A successful part of the media industry is in danger, despite the fact that clients love the work it does and competition has not increased. In fact, nine out of ten clients call it an "indispensable business partner" – but the threat to its future is real.
The business is media auditing.
Changes in the media market and new trading practices have made auditing for clients more valuable than ever.
Increasingly, however, they are having problems getting access to the data they need.
The World Federation of Advertisers has conducted a survey based on responses from its multinational members that, together, spend $35 billion each year.
From its historic roots in the UK – where about 94 per cent of paid media is audited – the sector has expanded around the world to the point where it is used globally by almost every multinational advertiser, as well as smart local and regional brands.
Generally, the sophistication of auditing services varies considerably by market. This is often a reflection of the data that is available, which restricts what auditors can do. There is an opportunity for these companies to expand further as, for example, just 30 per cent of media is audited in Brazil; and, even in the US and Canada, the data shows penetration of less than 50 per cent of media investment.
The rewards for businesses to work with an auditor – such as Accenture, Ebiquity, EMM and R3, to name just four of the leading companies in this space – is believed to more than compensate for the cost of the services.
Sometimes, however, their work is stymied not by a lack of data but by restrictions on data access, whether by media owners, agencies or both – something that has been a recurring issue in the evolution of trading desks, for example.
Our members have raised serious concerns about restricted access to data in Germany and, more recently, Spain. It is a very worrying trend.

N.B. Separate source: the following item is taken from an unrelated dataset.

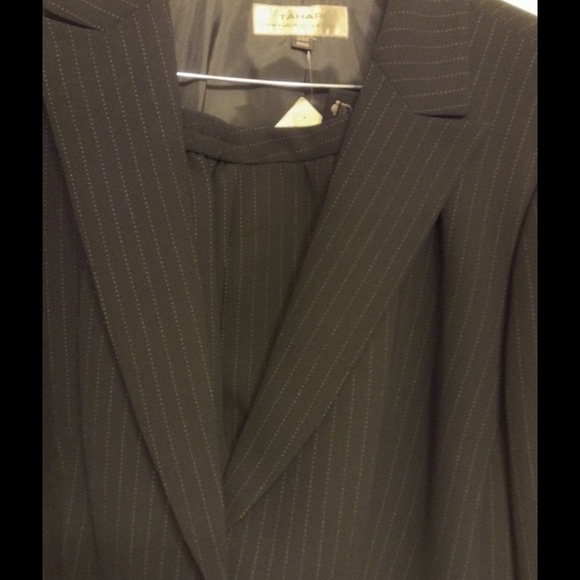 Black pin stripe pants suit.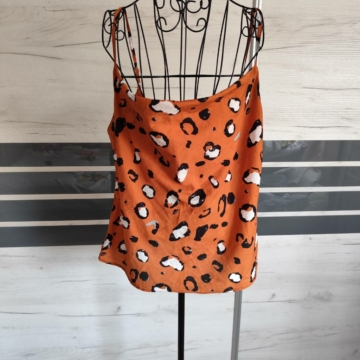 L/XL (44/46) – Narancssárga mintás trikófelső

Many of the data challenges relate to digital, which represents a major test of the auditing model. Our survey found that the percentage of digital spend being audited is actually declining in major markets, including the US, Canada and Latin America.

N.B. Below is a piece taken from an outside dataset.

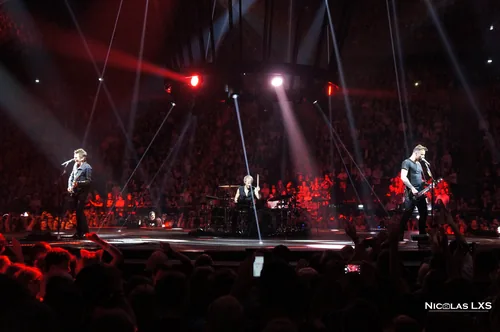 Concert de Muse : les musiciens sur scène sous des projecteurs rouges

The digital space puts the traditional pool of prices and the benchmark model under pressure. As the range of sites, formats and approaches increases, it can be increasingly difficult to find a genuine and robust like-for-like norm to benchmark against.

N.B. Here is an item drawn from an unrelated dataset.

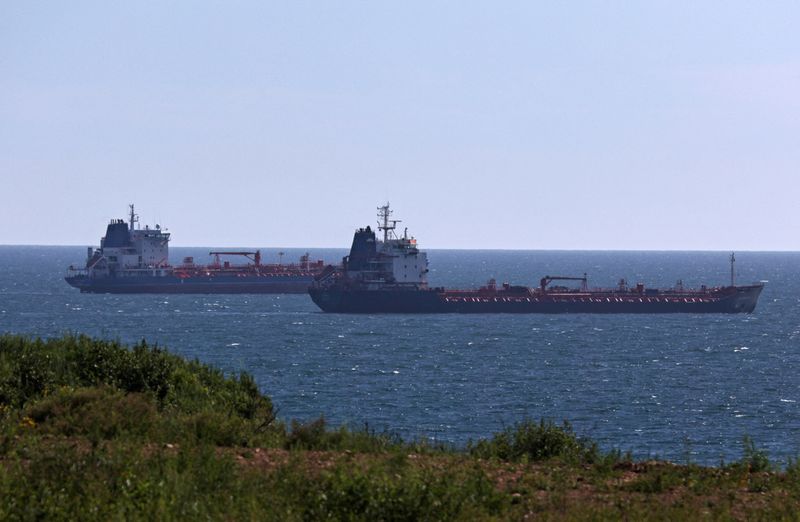 FILE PHOTO: Oil tankers sail along Nakhodka Bay near the port city of Nakhodka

New trading platforms such as real-time bidding make this even harder – clearly, it’s impossible to create a pool for media space that is being traded in real time, as it’s a unique and one-time event.
Auditors are increasing their efforts in providing advertisers with new solutions, such as measuring ad visibility, but there’s still plenty of work to be done in regard to digital media investment.
Advertisers need expert advice and oversight that can ensure they receive fair value for their spend. Our members feel media auditors should continue to play a critical role. The accountability they help to provide builds confidence, which, in turn, drives investment. Everyone has a vested interest in making this work.